### Supplied information
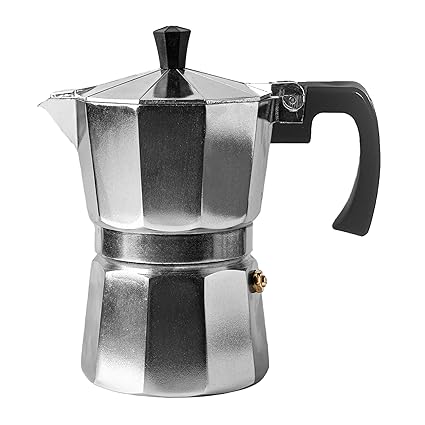 Sipologie Roma Moka Pot Espresso Maker, 180ml, Classic Italian Brewing for Strong and Flavourful Coffee, Premium Grade Aluminium Stovetop Percolator, Silver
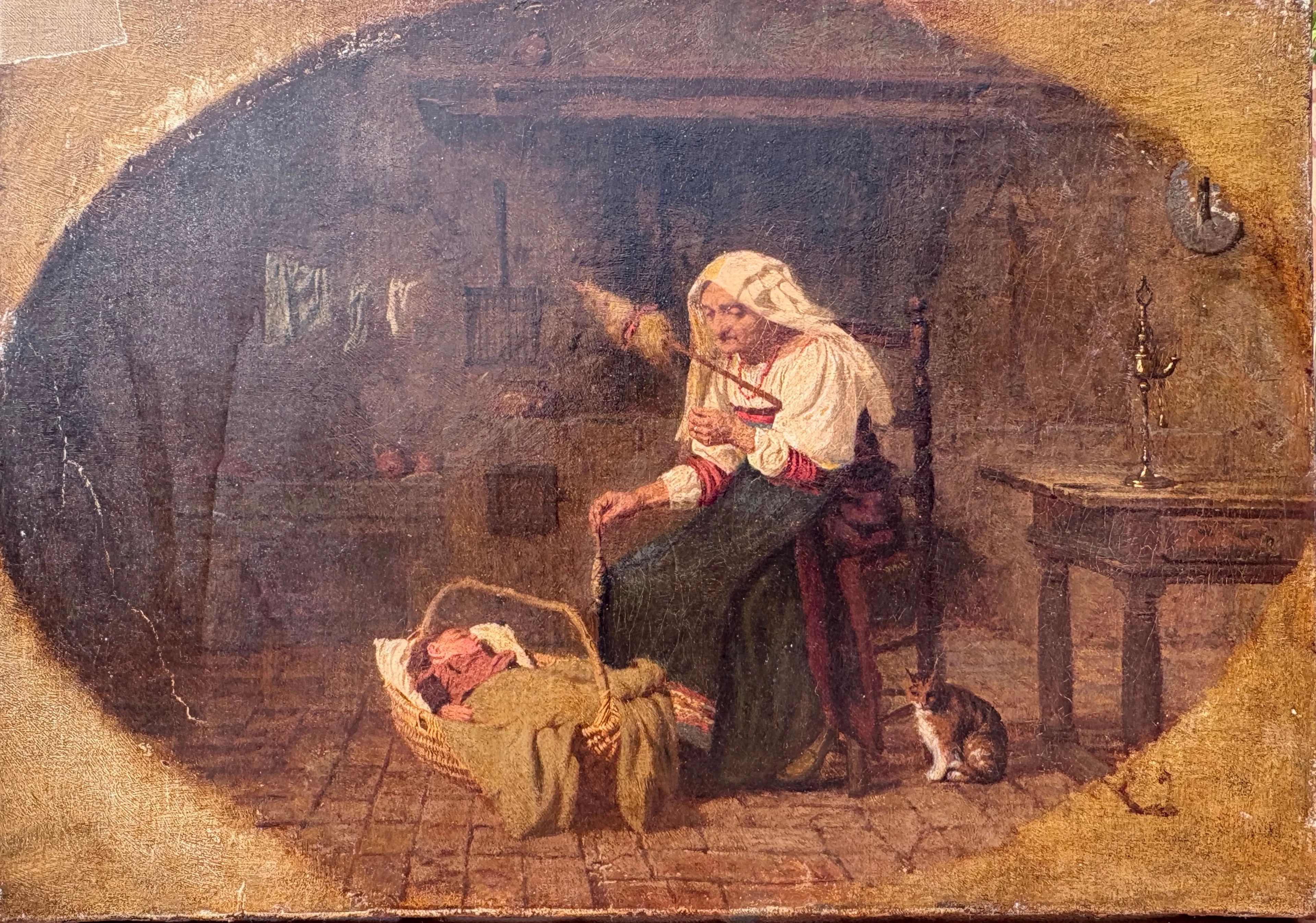 ESCUELA ITALIANA DE LA SEGUNDA MITAD DEL SIGLO XIX. Interior con una anciana.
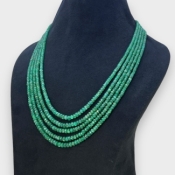 Emerald 3.5-5.5mm Faceted Rondelle A+ Beads Necklace - 181812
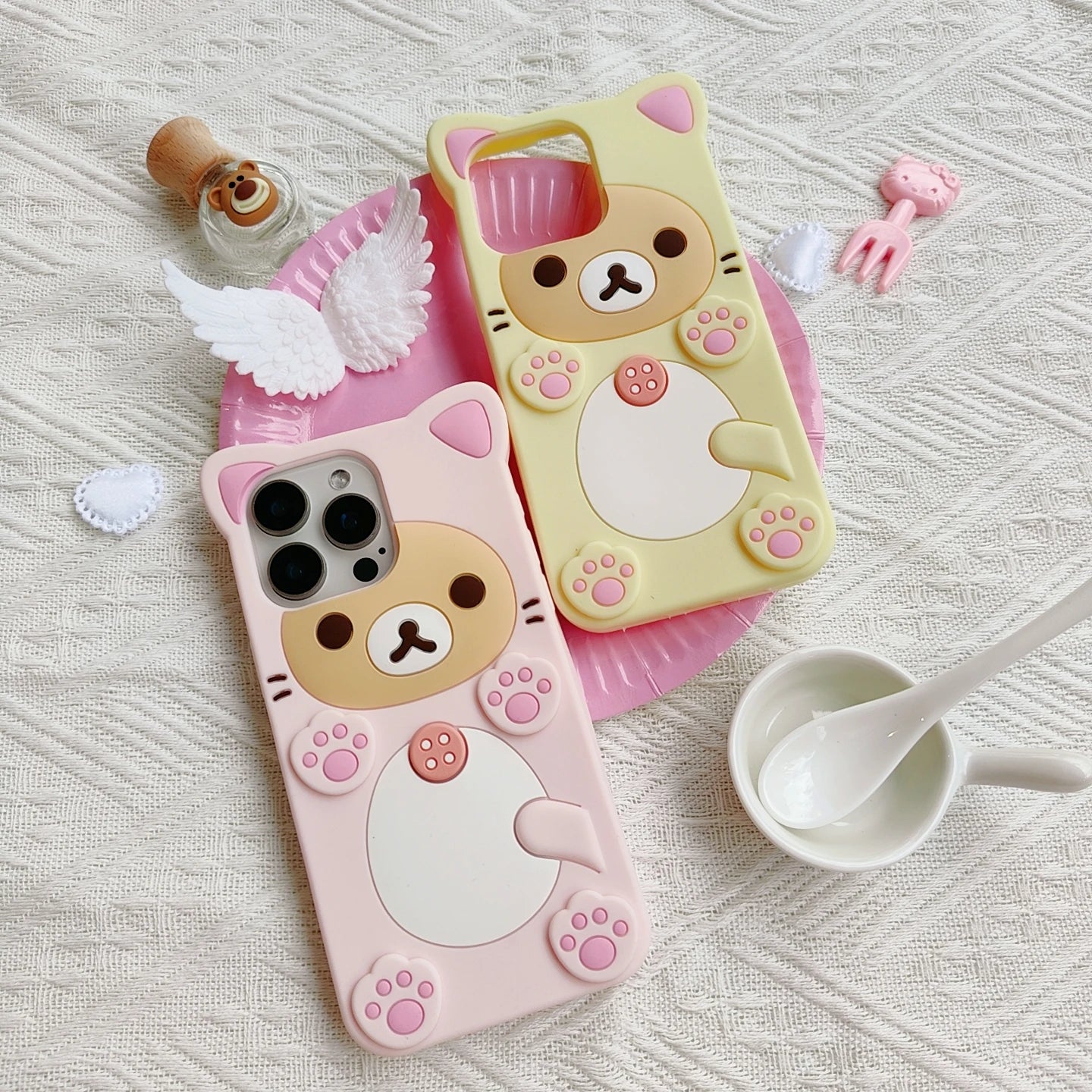 Cute Rilakkuma Bear For iPhone 17 16 15 14 13 12 11 Pro Max 5 6 7 8Plus XS XR X 17promax Kawaii Cartoon Silicone Soft Cover Case
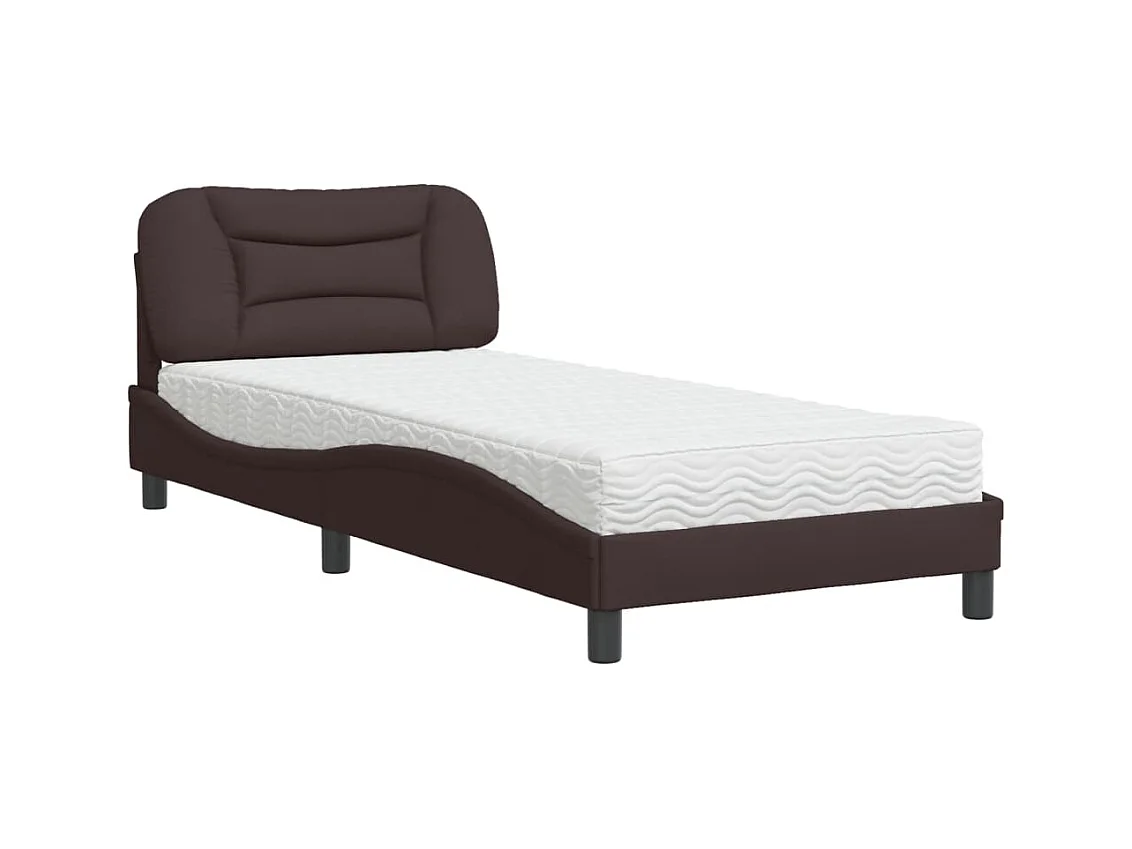 Lit avec matelas marron foncé 90x190 cm tissu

### About this exercise
Line by line and exactly, reproduce the span from the line with "ESCUELA ITALIANA DE" through the end of the data above, both ends included, with pictures left out.

### Response to the task
 ESCUELA ITALIANA DE LA SEGUNDA MITAD DEL SIGLO XIX. Interior con una anciana.
 Emerald 3.5-5.5mm Faceted Rondelle A+ Beads Necklace - 181812
 Cute Rilakkuma Bear For iPhone 17 16 15 14 13 12 11 Pro Max 5 6 7 8Plus XS XR X 17promax Kawaii Cartoon Silicone Soft Cover Case
 Lit avec matelas marron foncé 90x190 cm tissu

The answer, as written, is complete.